* YOUR INSTRUCTIONS *
Reproduce exactly the lines from the one containing "imperata cylindrica P9 - afbeelding 1" through the end of the entries, including both. Drop the pictures.
─── DATA UNDER STUDY ───
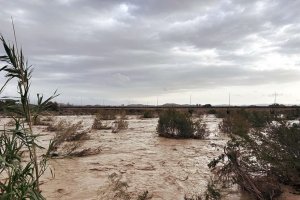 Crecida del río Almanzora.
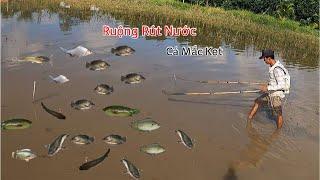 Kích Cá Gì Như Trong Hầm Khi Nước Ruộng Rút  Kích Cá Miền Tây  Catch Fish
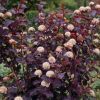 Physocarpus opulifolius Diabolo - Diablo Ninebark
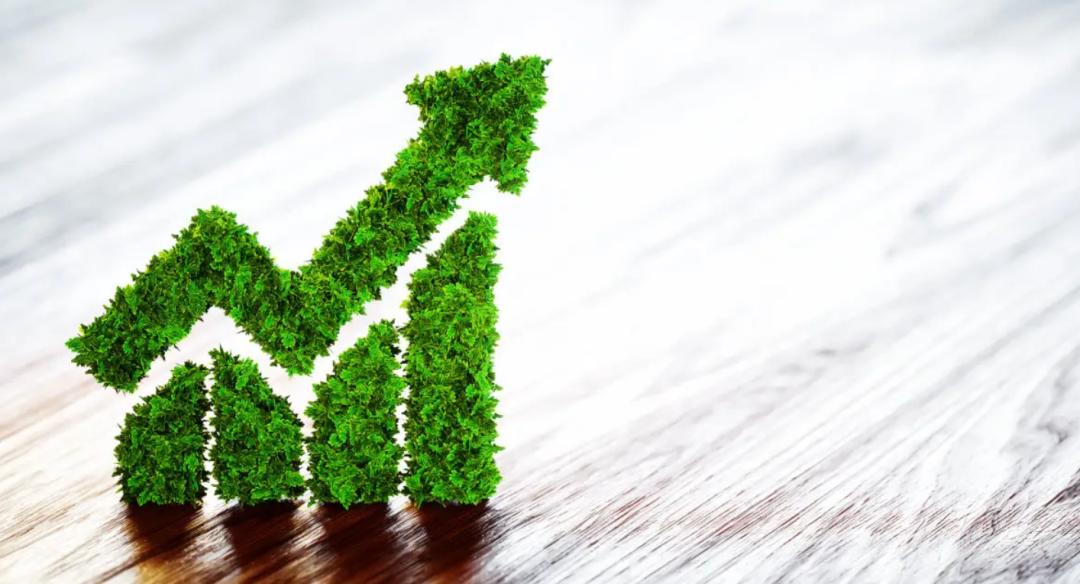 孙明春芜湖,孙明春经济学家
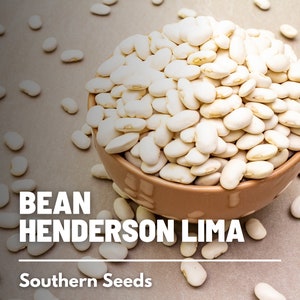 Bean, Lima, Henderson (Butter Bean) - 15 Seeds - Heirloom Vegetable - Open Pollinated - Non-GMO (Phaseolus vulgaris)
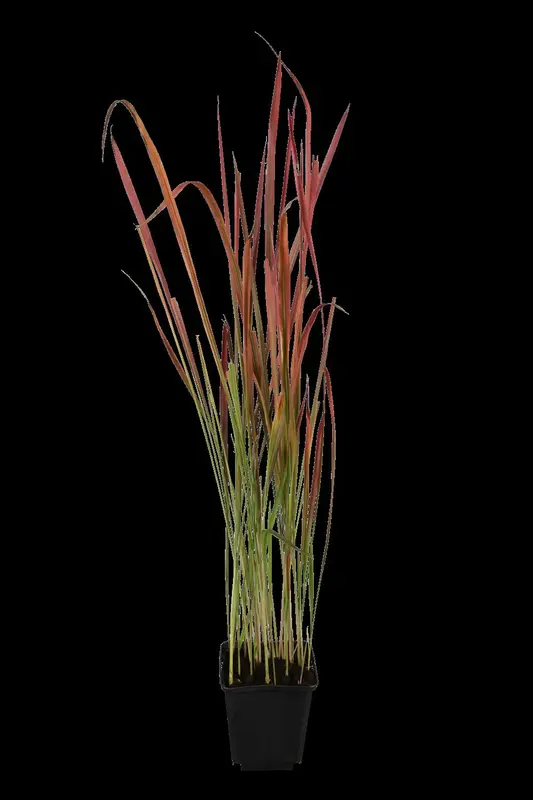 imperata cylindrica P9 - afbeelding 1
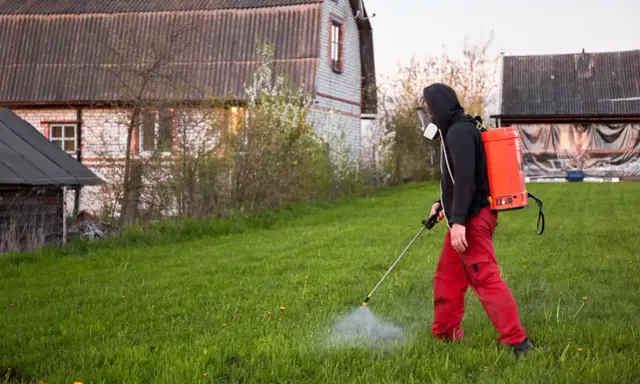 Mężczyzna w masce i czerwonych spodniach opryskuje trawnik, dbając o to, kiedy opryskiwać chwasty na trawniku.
───
* RESULT OF THE EXERCISE *
 imperata cylindrica P9 - afbeelding 1
 Mężczyzna w masce i czerwonych spodniach opryskuje trawnik, dbając o to, kiedy opryskiwać chwasty na trawniku.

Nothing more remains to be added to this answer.